I looked down, my breath hitching in a fractured sob. This wasn't a period—this was the physical evidence of being taken too hard, for too long.
I saw him look down, his gaze finally landing on the crimson staining my skin and the white fabric beneath us. I watched the dangerous, predatory fire in his eyes flicker out, replaced by a sudden, jarring softness as he saw the damage.
The sight of the blood made my stomach turn; I could feel the old shadows of my past trauma beginning to claw at the edges of my mind. I needed it to stop. I needed the sight of it gone.
"Keifer....." my voice was a broken, airy whisper, barely audible over the sound of our breathing. "Keifer—I think..... I think I'm bleeding."
The air in the room suddenly felt still, the heavy tension shifting from possessive hunger to a thick, suffocating silence. He froze, his body still joined with mine, his hands—which had been pinning me down—now trembling as they hovered over my skin.

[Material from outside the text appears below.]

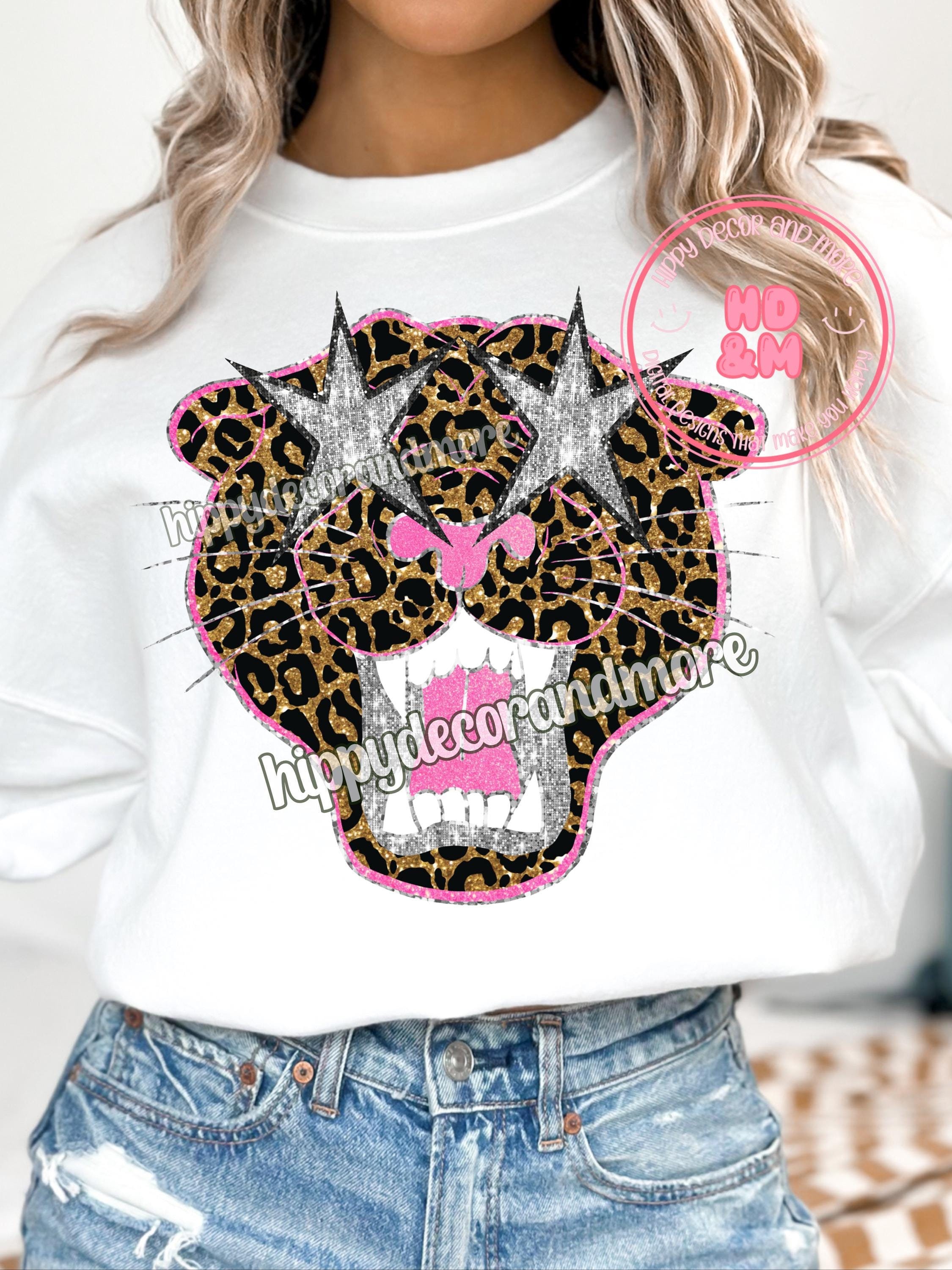 Preppy Mascot PNG Leopard Mascot Cheetah Mascot Panther Mascot Cats Mascot Pink Preppy Mascot Sparkly Leopard Patch Design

"Jay Jay....." he rasped, the word catching in his throat. He looked at me, really looked at me, and I saw the horror of his own reflection in his eyes.He began to withdraw, his movements slow and agonizingly careful, as if he were afraid that even a breath would break what was left of me.
ᕙ༼Keifer's༽ᕗPOV
I froze. The monster that had been driving me for the last few hours vanished, leaving behind nothing but the cold, hollow shell of the man who was supposed to protect her.
The predatory fog cleared, leaving me staring at a girl who looked like she'd been through a war. Her mouth was puffed and bruised, a small cut on her bottom lip a silent accusation of how hard I'd kissed her. Every inch of her pale skin was marred by my hunger—angry welts and love bites that looked more like bruises than affection. I looked at her waist, seeing the distinct, pale-white marks of my fingers where I had gripped her with a strength that must have felt like iron. But it was the crimson on the sheets that finally broke me; it was the physical limit I had ignored, and the guilt hit me like a physical blow
I looked at her, and the air in my lungs turned to ice. I had gripped her too hard, my strength turning into a weapon instead of a comfort. Her body looked fragile, her breasts swollen and aching from the way I had claimed them in my fever. Every mark on her skin was a map of my own lack of restraint. And then... the blood,she is bleeding. It wasn't just a sign of her innocence; it was the physical proof of my brutality. I had wanted to own her, but as I looked at her sore, bleeding form, I realized I had only succeeded in ruining the one thing I was supposed to protect.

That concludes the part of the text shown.